Other concerns about wave power include disturbance
of the seabed, altered erosion patterns onshore, fish
or birds being struck by moving parts, and whales
getting tangled in submerged cables.
Still, "you don't have to put in the whole Hoover
Dam all at once," Bedard says. Install a few buoys
and, if the impact is acceptable, add more.
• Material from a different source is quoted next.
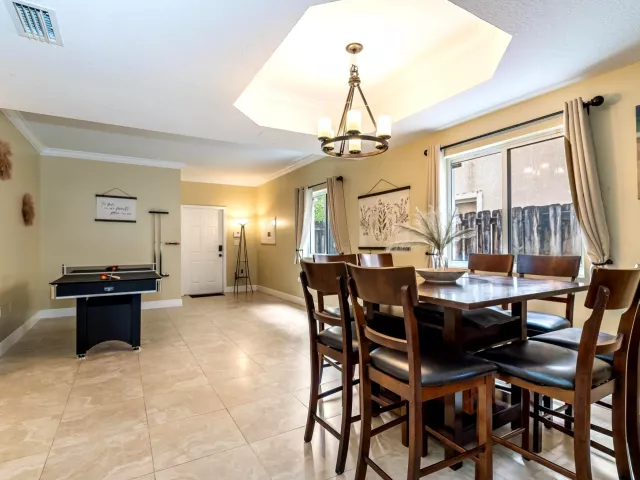 5-bedroom home for sale in Fort Lauderdale - 1721 SW 23rd Street 1721 - MondialRealty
It was during the first oil crunch, in the mid-1970s,
that Taylor began to ponder how to harness the power
of waves.
With experience as an electrical engineer at RCA's
Sarnoff research lab in Princeton and as founder of
a company that developed flat liquid crystal displays
for digital watches and instruments, Taylor started
OPT with a colleague in 1984. Their first buoy was
launched off New Jersey in 1997.
There was little interest in renewables on Wall Street,
and OPT got listed on the London stock exchange in
2003. In 2007, they were listed in Nasdaq. The company,
which now has 50 employees, raised more than $130
million from the two initial public stock offerings.
It has a $1.7 million Navy contract to use a buoy
to power an underwater acoustic detection system on
the edge of the continental shelf off New Jersey.
Commercial buoys are set to be launched within weeks
in Hawaii and Spain, and various other projects are
in the works around the world.
Midway through his 70s, Taylor says he finds himself
"driven by my age." The field is too exciting to retire.
He says he can now generate electricity for roughly
5 to 15 cents per kilowatt hour _ more than the 4
to 7 cents for natural gas and coal estimated by the
International Energy Agency, but closing.
"We believe we're going to be the lowest of the
renewables," Taylor says, "probably even lower than
fossil fuels, the way prices are going."